This document box, which has come direct from Scotland’s Blair Castle, seat of the Lairds of Blair, is extraordinary for its fine condition, the quality of the ebony inlay work of which the high point is a star motif in the centre of the lid, but most particularly for its size: it is massive.
At more than 70cm long it is perhaps the largest such box we have encountered. Nor have we found any published example that is larger.
It comprises a large box with a hinged lid, the lid with ebony edging and inlay. The use of ebony provides a pleasing contrast with the lighter-coloured teakwood, but is also practical as ebony is very hard and so highly suitable as a protective edging.

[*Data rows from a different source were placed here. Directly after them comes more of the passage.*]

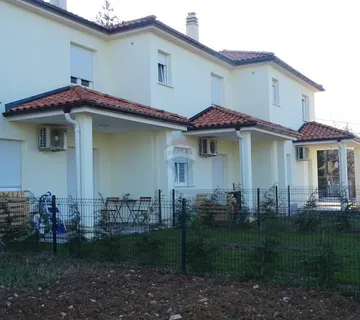 Rijeka, Škurinje, novogradnja - kuća u nizu s okućnicom - cover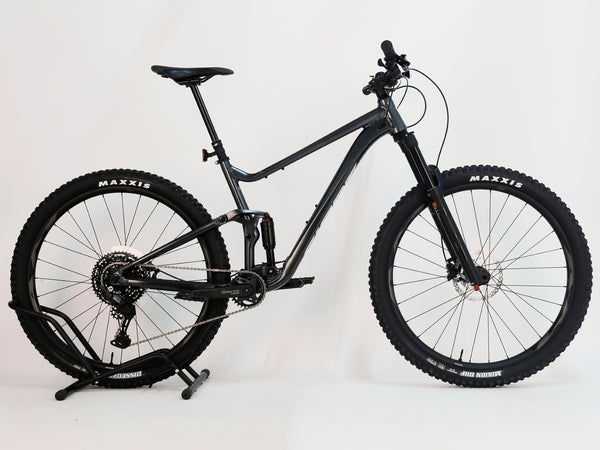 Giant Stance 29 2 2024 / LARGE / RRP: £1,999.00 / Tubeless / Excellent Condition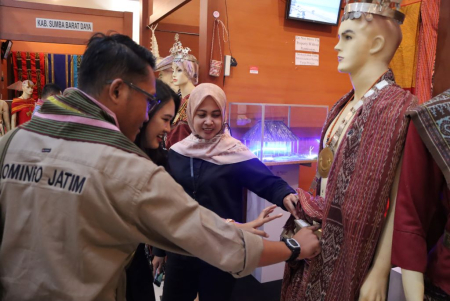KAIN TENUN IKAT MALAKA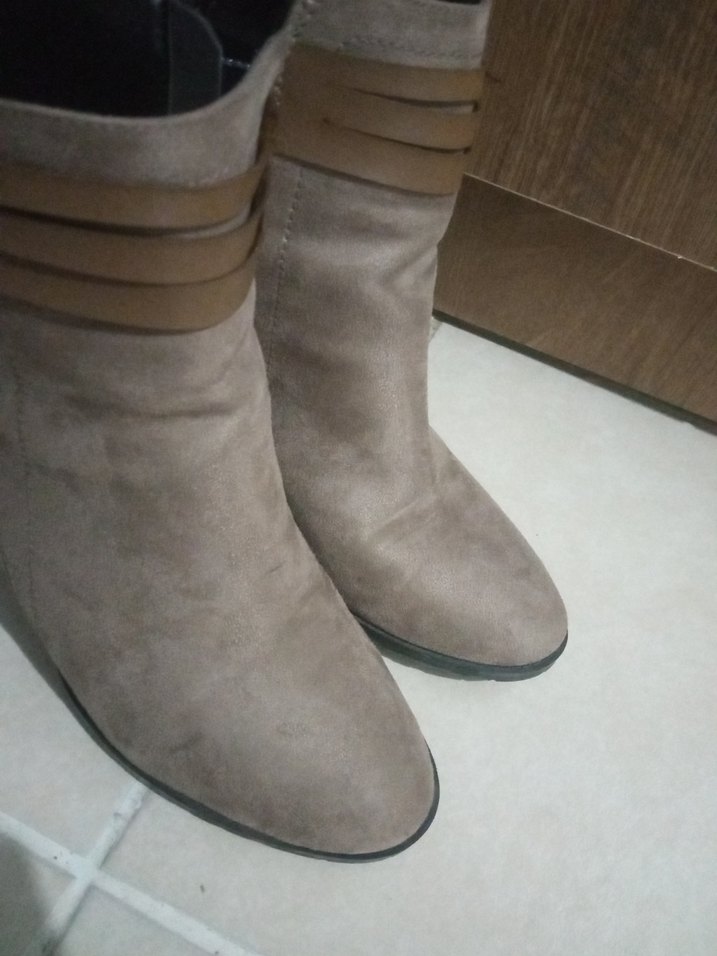 Bej Süet Kadın Bot - Tokalı, Blok Topuklu - Görsel 4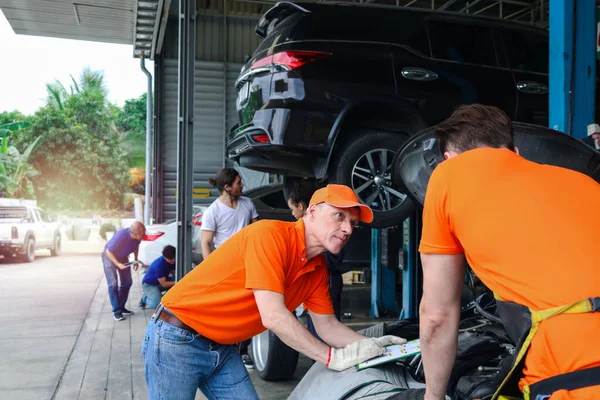 Szerelő Munkások Dolgozik Motor Garázsban Autószerviz Technikus Ellenőrzése Javítása Ügyfél — Stock Fotó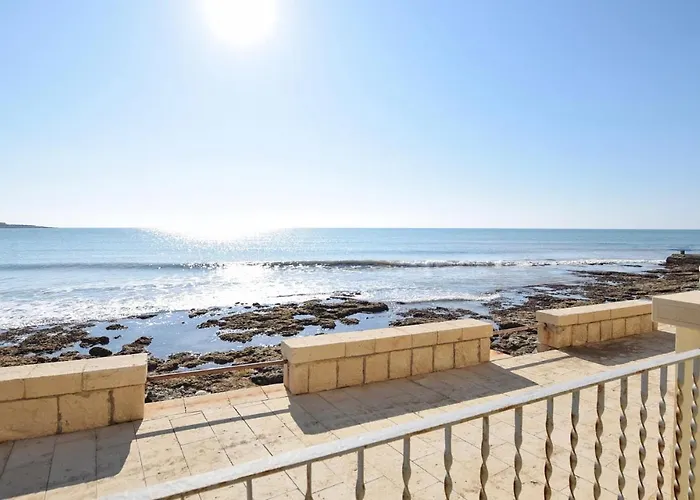 4 Bedroom Stunning In Sampieri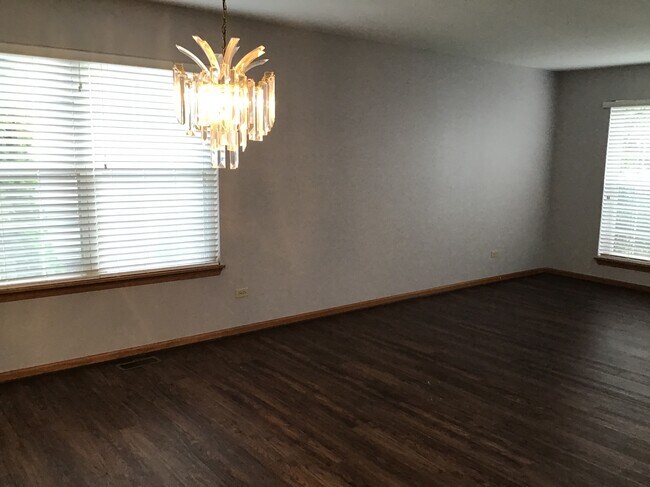 Building Photo - 1700 Sierra Highlands Drive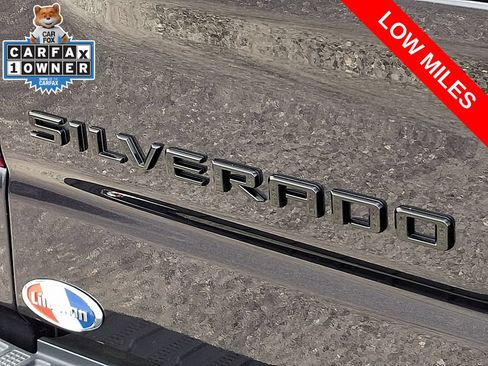 Used 2024 Chevrolet Silverado 1500 LT Trail Boss w/ Convenience Package II AWD/4WD image 31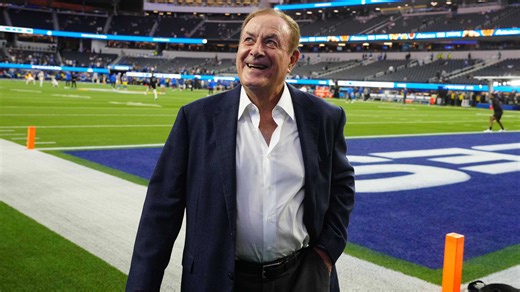Al Michaels takes a quiet shot at Eagles for the most ridiculous reason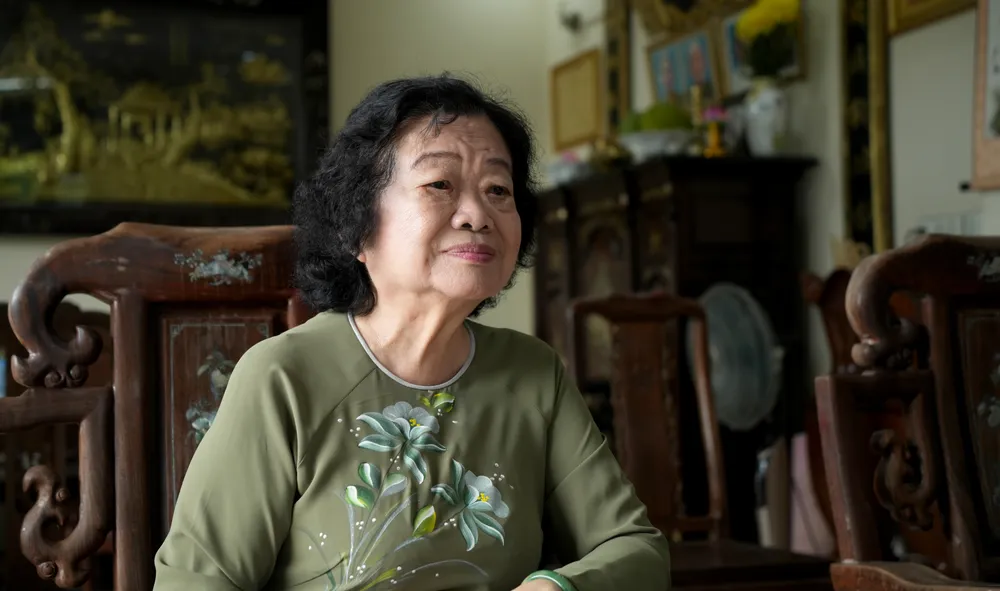 Nguyên Phó Chủ tịch nước Trương Mỹ Hoa kể lại một thời gian truân, bị địch bắt tù đày Bà Trương Mỹ Hoa hồi ức lại một thời gian truân, bị địch bắt tù đày sống không bằng chết.jpg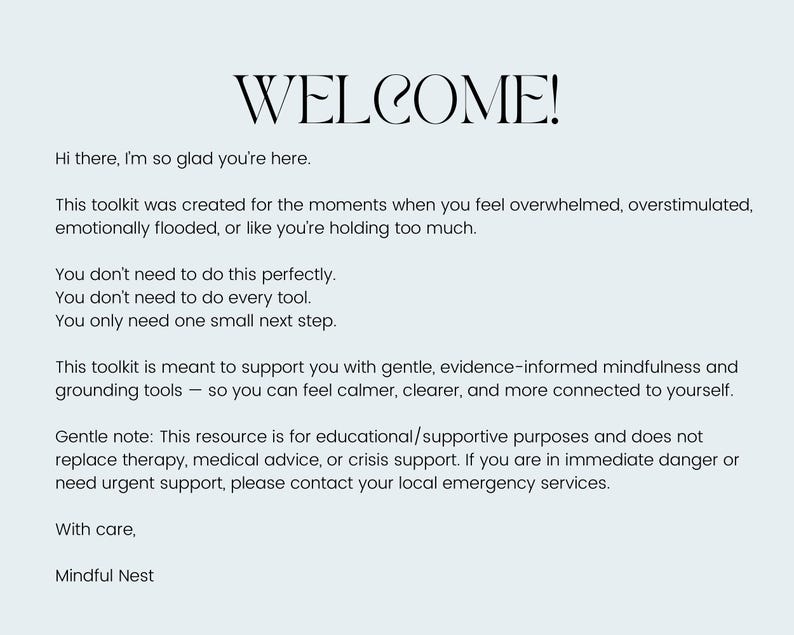 K&ouml;nnte beinhalten: Ein digitales Toolkit mit dem Wort "WELCOME!" in einer stilvollen Schriftart. Der Text beschreibt den Zweck des Toolkits: Gef&uuml;hle der &Uuml;berforderung zu bew&auml;ltigen und Erdungswerkzeuge f&uuml;r Achtsamkeit bereitzustellen. Das Toolkit stammt von Mindful Nest.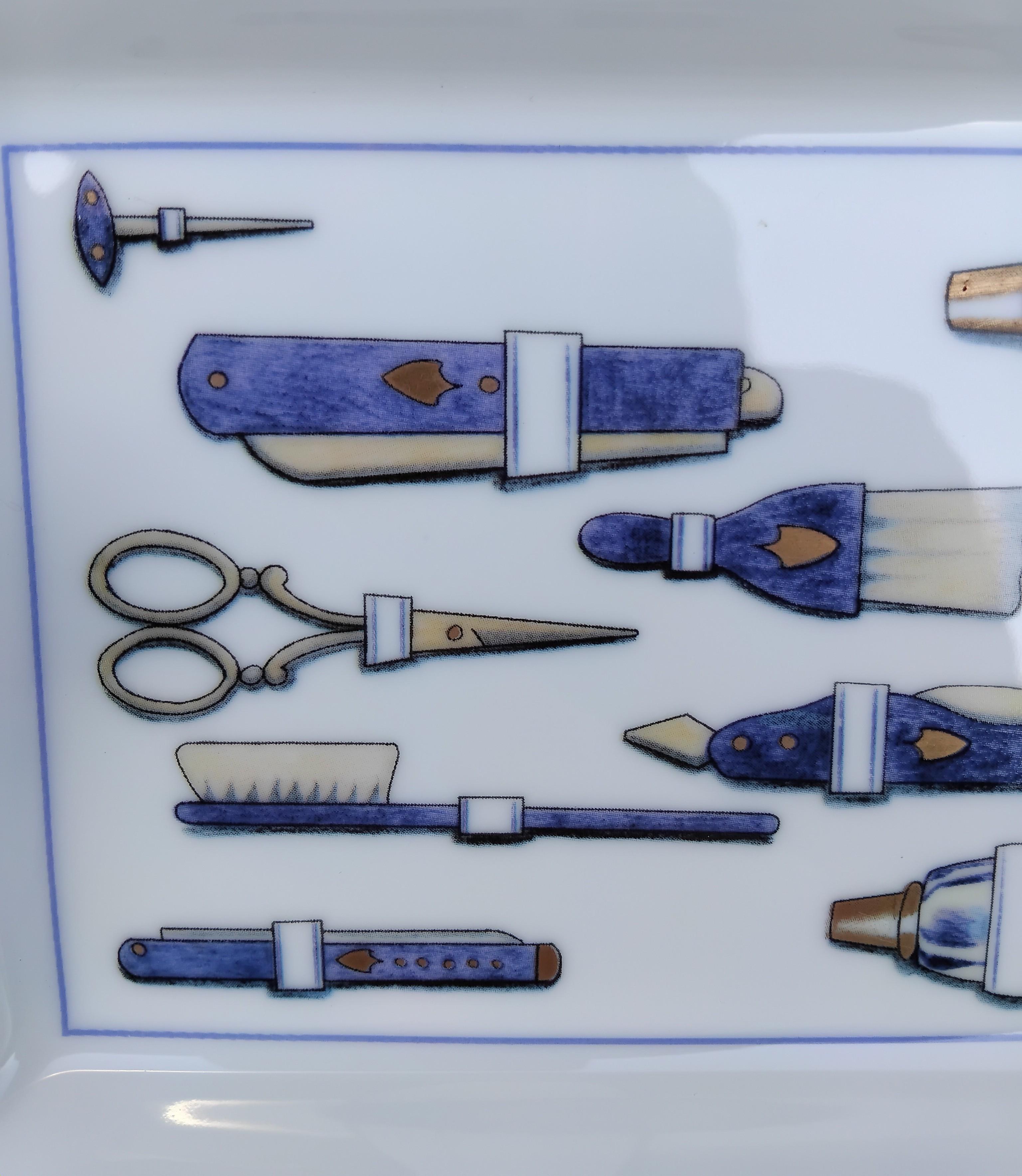 Portacenere in porcellana d'oro di Hermès Vassoio per cambiare gli strumenti del barbiere e del parrucchiere In condizioni ottime in vendita a Corcoué Sur Logne, Loire-Atlantique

Brass domed knobs that cover the bolts further embellish the lid. Both sides of the box have brass carrying handles and there is a brass lock plate to the front.
The interior contains a small compartment for writing utensils.
The box is in very fine condition with no significant losses or repairs.
Senior officials of and merchants in the service of the Dutch East India Company (VOC) were required to routinely send written communications about trade, local political developments, culture and any other events or observations deemed potentially useful for the Company’s interests. And usually everything had to be copied three or four times (Veenendaal, 1985, p. 85). Accordingly, portable writing cabinets and boxes were much in demand in late seventeenth and eighteenth century Batavia, India and Sri Lanka. The more senior and official, the more reports and correspondence with which he was required to deal, so perhaps the unusually large size of this document box is meant to convey the owner’s particularly senior status. The owner’s status is also suggested by the use of a crown over the keyplate.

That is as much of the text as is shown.